▶ [What is needed]: Please set the lines down again exactly, from the top of the entries through the line that contains "CURVED BASE RATTAN".

(Records from a collection)
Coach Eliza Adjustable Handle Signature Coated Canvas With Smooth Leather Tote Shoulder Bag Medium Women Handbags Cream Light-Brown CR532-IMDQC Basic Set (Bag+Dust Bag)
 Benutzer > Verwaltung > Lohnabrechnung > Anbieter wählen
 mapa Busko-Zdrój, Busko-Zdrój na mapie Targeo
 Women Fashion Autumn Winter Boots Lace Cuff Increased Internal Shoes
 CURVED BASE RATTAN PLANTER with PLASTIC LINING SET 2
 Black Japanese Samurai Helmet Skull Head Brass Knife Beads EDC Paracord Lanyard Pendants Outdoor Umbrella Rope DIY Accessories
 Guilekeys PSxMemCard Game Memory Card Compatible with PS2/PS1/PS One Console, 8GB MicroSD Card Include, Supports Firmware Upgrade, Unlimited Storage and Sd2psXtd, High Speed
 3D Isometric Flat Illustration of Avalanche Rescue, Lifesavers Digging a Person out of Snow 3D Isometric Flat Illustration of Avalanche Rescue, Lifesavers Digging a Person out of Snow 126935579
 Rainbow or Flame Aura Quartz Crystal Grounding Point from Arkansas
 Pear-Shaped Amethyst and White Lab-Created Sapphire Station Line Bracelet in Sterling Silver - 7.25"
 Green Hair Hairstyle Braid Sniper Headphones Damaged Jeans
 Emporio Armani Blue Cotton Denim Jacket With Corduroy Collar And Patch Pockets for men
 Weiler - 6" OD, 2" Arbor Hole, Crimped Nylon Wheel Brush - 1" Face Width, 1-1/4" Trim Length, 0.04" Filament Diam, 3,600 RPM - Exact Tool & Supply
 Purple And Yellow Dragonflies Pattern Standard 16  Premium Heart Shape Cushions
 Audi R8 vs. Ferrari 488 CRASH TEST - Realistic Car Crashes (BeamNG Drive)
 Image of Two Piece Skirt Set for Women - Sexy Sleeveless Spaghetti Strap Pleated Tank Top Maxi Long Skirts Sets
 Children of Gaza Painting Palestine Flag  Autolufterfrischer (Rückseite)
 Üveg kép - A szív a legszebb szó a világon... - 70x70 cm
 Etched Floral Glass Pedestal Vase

▶ [Response to the task]:
Coach Eliza Adjustable Handle Signature Coated Canvas With Smooth Leather Tote Shoulder Bag Medium Women Handbags Cream Light-Brown CR532-IMDQC Basic Set (Bag+Dust Bag)
 Benutzer > Verwaltung > Lohnabrechnung > Anbieter wählen
 mapa Busko-Zdrój, Busko-Zdrój na mapie Targeo
 Women Fashion Autumn Winter Boots Lace Cuff Increased Internal Shoes
 CURVED BASE RATTAN PLANTER with PLASTIC LINING SET 2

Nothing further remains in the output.